Contemporary computer systems provide more parallel execution capabilities at the hardware level. The primary example are modern GPUs that typically feature a number of parallel compute units that is two orders of magnitudes larger than even high end CPUs. Even just looking at today's CPU architectures we see support for data parallel (SIMD) processing that is normally under-utilized.

The main idea behind the race-cl module is to extend the range of support for parallel computation in RACE all the way from the macro-cosmos of distributed, networked applications and the cosmos of multi-threading with actors down into the micro-cosmos of specialized parallel hardware such as GPUs and SIMD instruction sets.

Parallel Computing Gamut in RACE

The challenge is to support such specialized hardware in a programming environment that is as much geared towards cross- platform compatibility as a Java Virtual Machine (JVM). Making use of specialized hardware and instruction sets requires more control over machine code generation than what such managed-code environments normally provide. In general, utilizing specialized hardware is optimization, which should only be performed if required and if an application is sufficiently stable since it makes it much harder to maintain and evolve the system.

OpenCL

As a middle ground between using hardware agnostic (JVM) code and vendor- and model- specific native code RACE utilizes OpenCL - a standardized, cross-vendor API for heterogeneous computing managed by the Khronos Group (a vendor consortium).
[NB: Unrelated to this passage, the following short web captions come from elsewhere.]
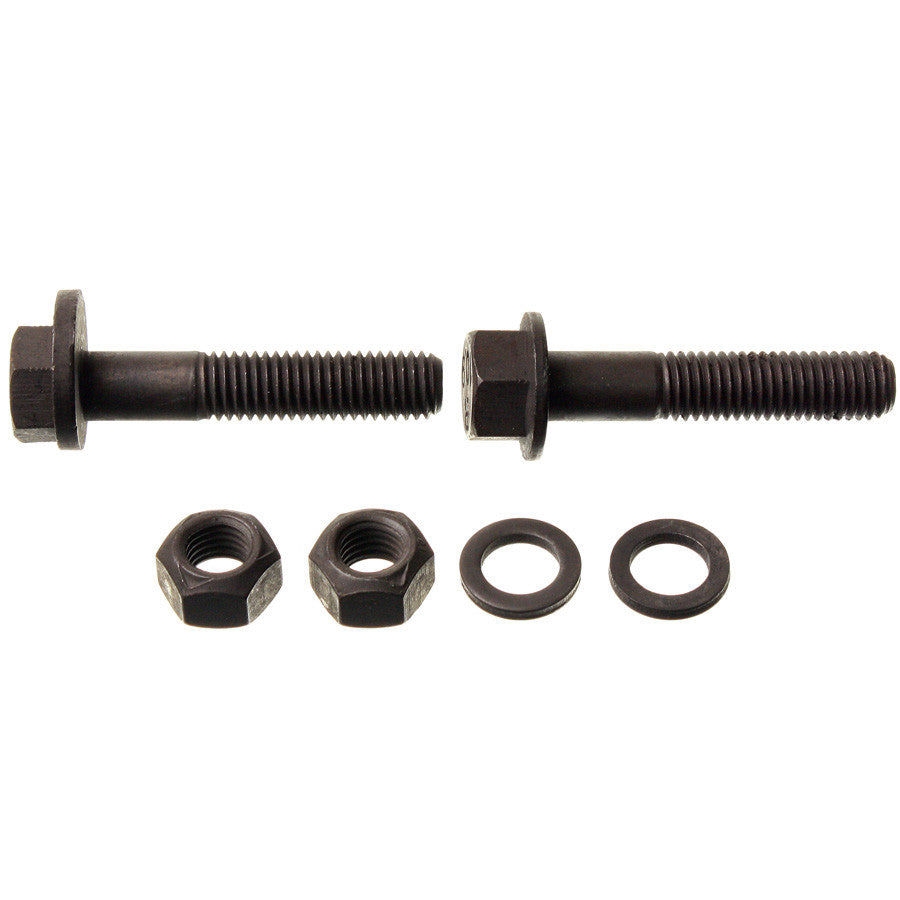 Rare Parts  Cam Bolt Kit 15941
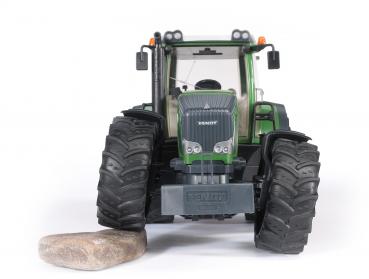 Bruder Spielfahrzeug Landwirtschaft Traktor Fendt 936 Vario 03040
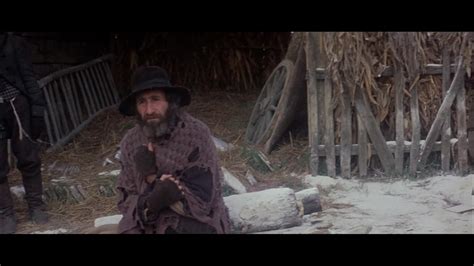 Fiddler on the Roof (1971)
In a nutshell, OpenCL uses kernels - short pieces of mostly linear, C-like code operating on N-dimensional data sets - that are runtime compiled and transferred from the host CPU to selected computing devices (such as GPUs).

OpenCL

These kernels are then executed in parallel on the selected device, depending on the dimensionality of the data set. In addition, kernel code supports built-in vector types that can facilitate fine-grained SIMD processing.

What makes OpenCL especially attractive is that it abstracts over a wide range of devices and vendors - from discrete GPUs to integrated GPUs all the way to even CPUs. Although the latter seems counter-intuitive it can result in significant acceleration by means of kernel code making use of specialized instruction sets (such as AVX) that are normally not utilized by cross-platform JVMs.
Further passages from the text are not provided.